At my very first AA meeting, I was carried in by strangers who found me crying, shaking and rocking in the doorway. And I promise I am not exaggerating. Gosh, I had forgotten about that, an event that took place four or five years ago.
I would pop in and out of AA for years before I was really desperate enough to let the rooms help me. I used to have to have a drink to get in the door, and I used to go with vodka in my bag. However, I just keep going back.
It’s hard to explain, but you are carried and held when you are in the rooms in those early days. Without AA and the people I have met there I would have busted on Friday night on my nine months birthday. I have been experiencing incredible stress because of the very long hours I have been working, the intensity of a new project, and a boss who is trying to make my project fail! At times, it’s been too much.

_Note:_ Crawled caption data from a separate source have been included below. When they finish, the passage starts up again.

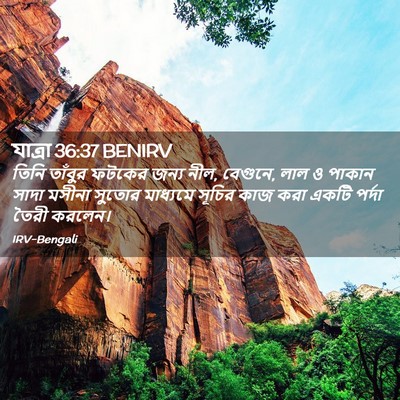 Picture 02 - যাত্ৰা 36:37 BENIRV - তিনি তাঁবুর ফটকের - Bible Verse Picture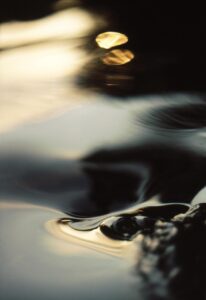 既卒が就活で早く就職する方法とは？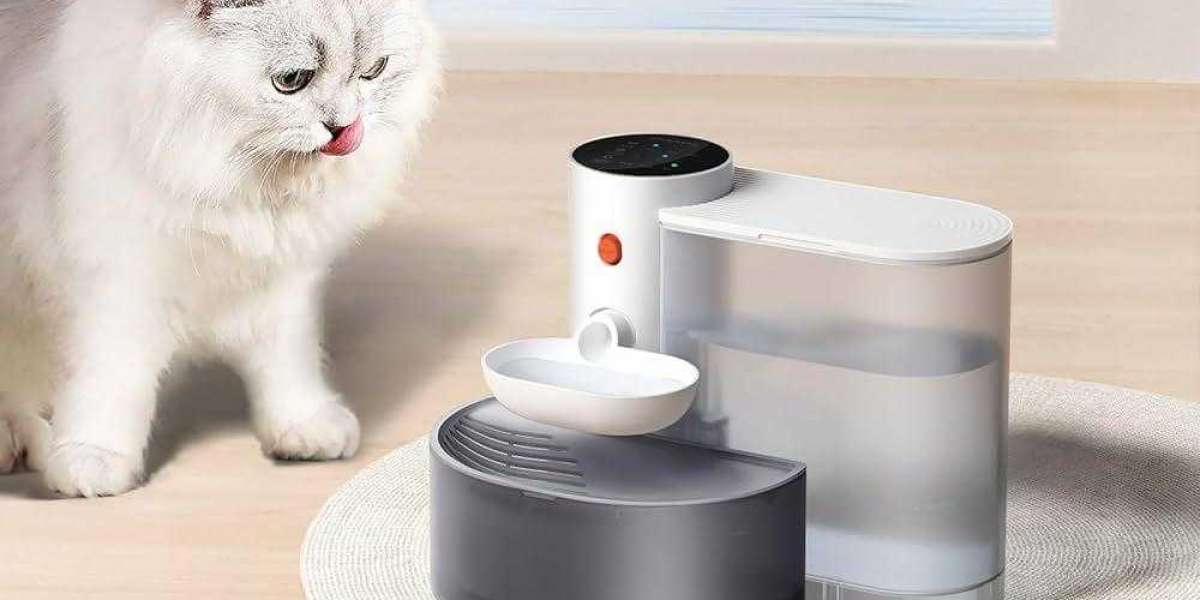 What Makes Pawtechpet Cat Water Fountain Unique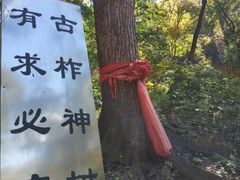 -天女山森林公园
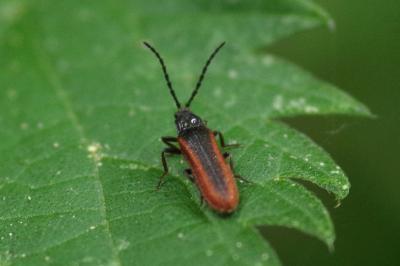 Omalisus fontisbellaquei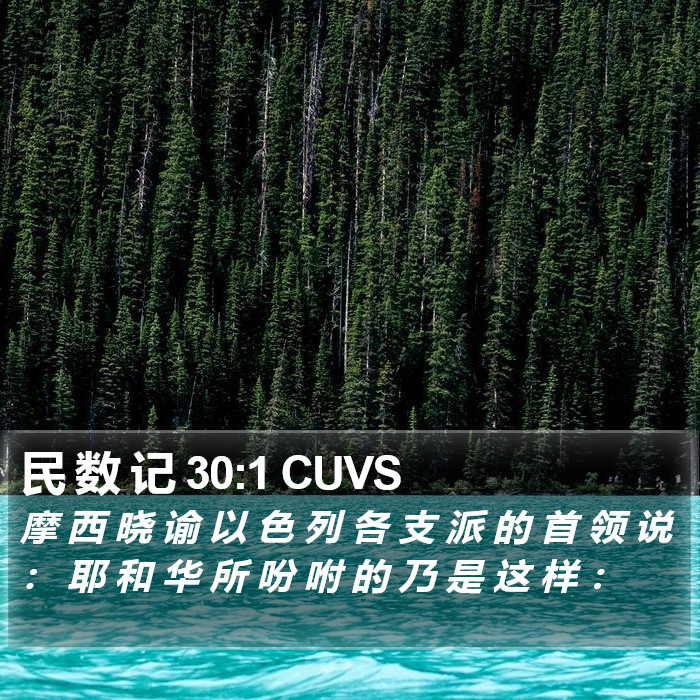 民 数 记 30:1 CUVS Bible Study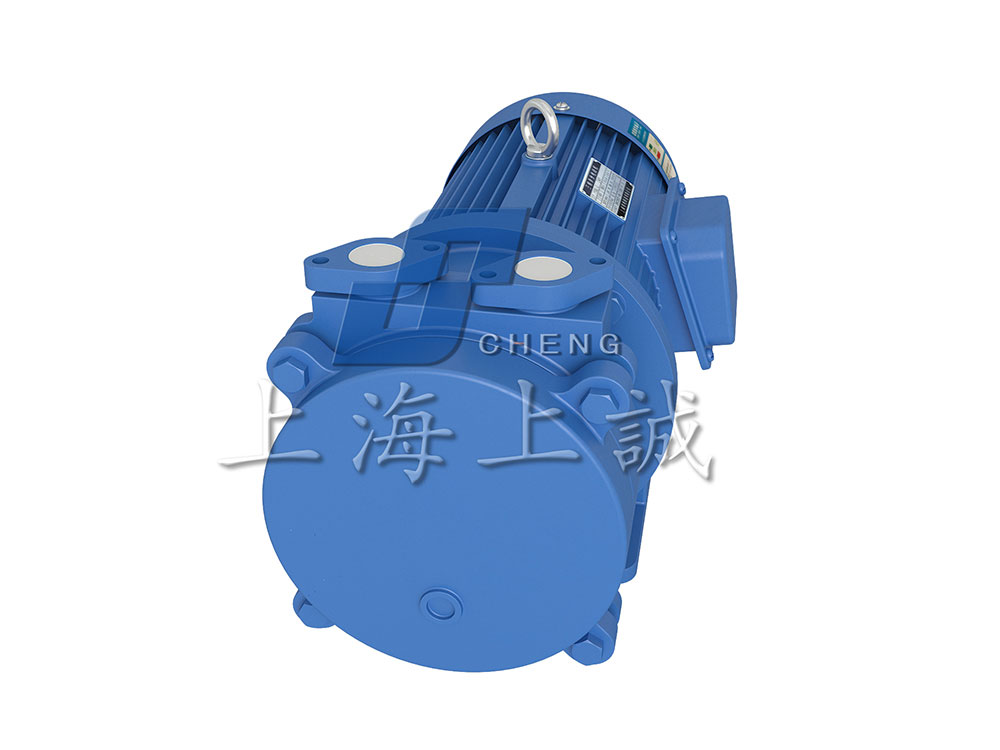 SK直聯(lián)水環(huán)式真空泵3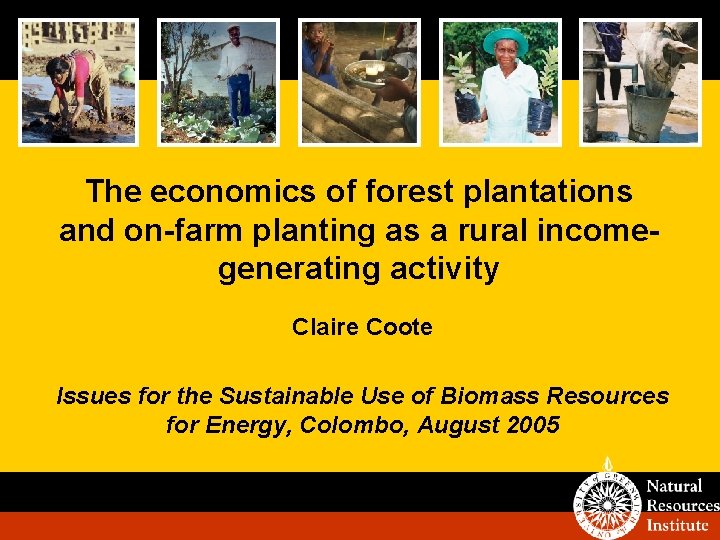 The economics of forest plantations and on-farm planting as a rural incomegenerating activity Claire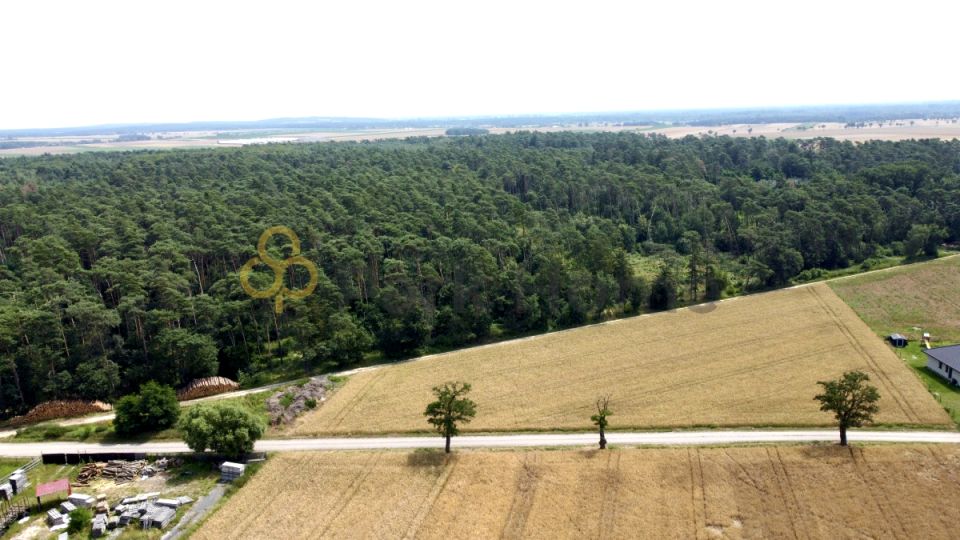 Działka budowlana Srocko Małe sprzedam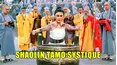 Shaolin Tamo Systique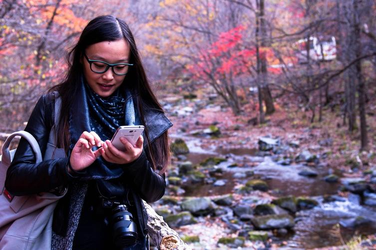 免费电影在线观看网址入口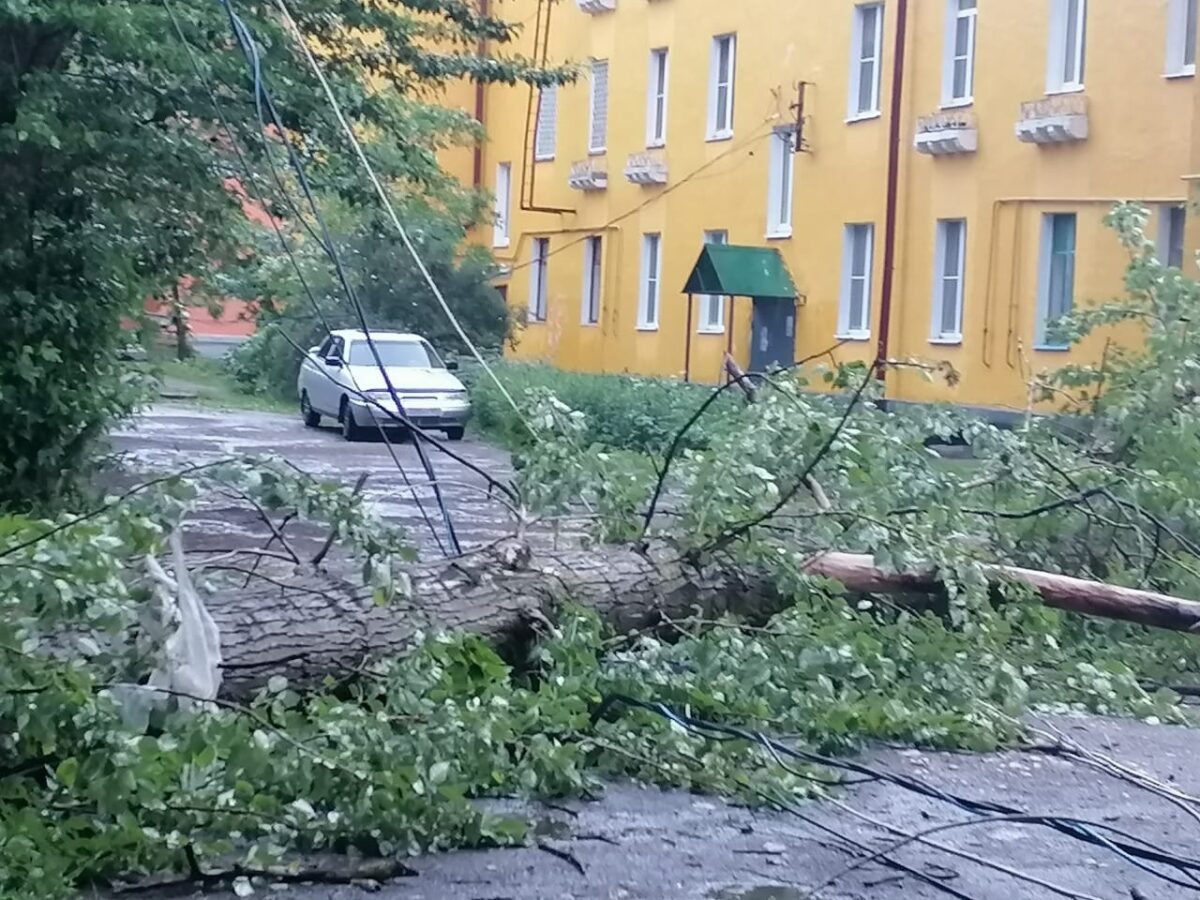 В Тверской области дерево упало на столб, а он на автомобиль | ТОП Тверь  новости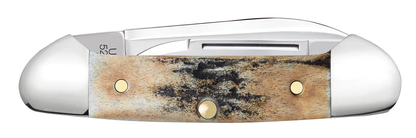 W.R. Case XX Knives Butterbean Fluted Burnt Stag 10758 Stainless Pocket Knife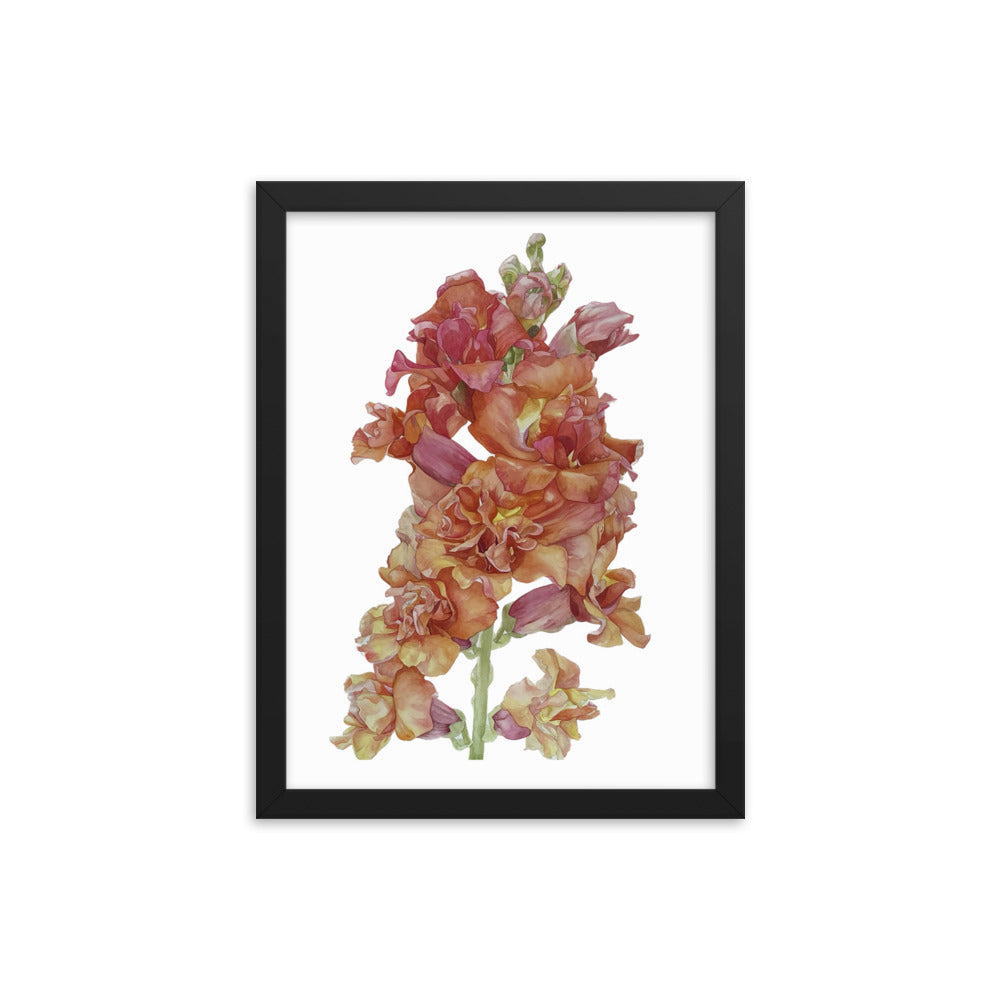 MADAME BUTTERFLY SNAPDRAGON Framed poster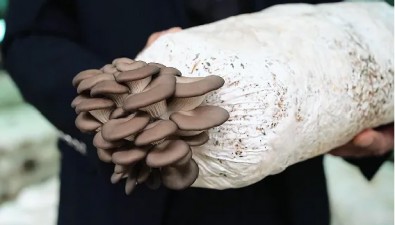 金堂姬菇：历史悠久，不断发展壮大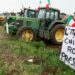 Mobilização no Campo: Agricultores Italianos marcham para Roma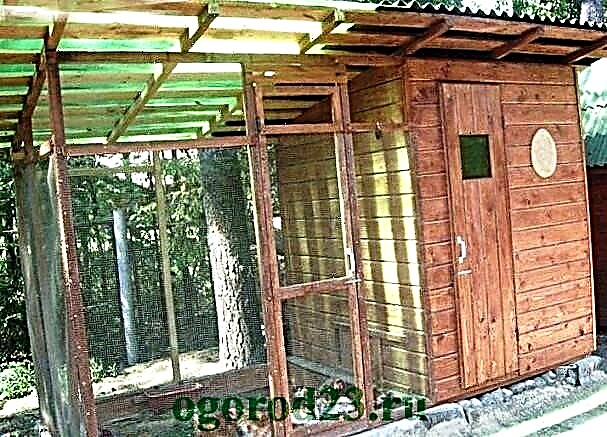 Do-it-yourself pitched roof - step by step with a photo - for home, shed, garage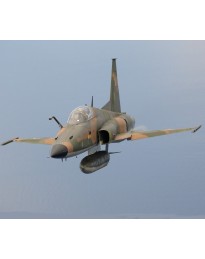 DCS: F-5E Tiger II Digital Download CD Key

The love and support I was shown after walking back in the room on Friday saved me. I was on the way to my dealer in the ‘mist’ of a panic attack. I couldn’t breathe, my heart was pounding, and I was shaking and blurry-eyed. That’s when people need AA.
For those of you thinking whether or not to go to AA, just go no matter what. It may take months for you to fully appreciate what AA can do for you (and you may only pop in from time to time). It took me years, but when you’re really, really ready to let people help you – listening to people and accepting they may know more – you’ll be so grateful for AA.
In my opinion, those early days of the recovery journey can’t be done solo. And as supportive as your family may be, you need to be heard by like-minded people who have walked the same path and actually do understand where you are.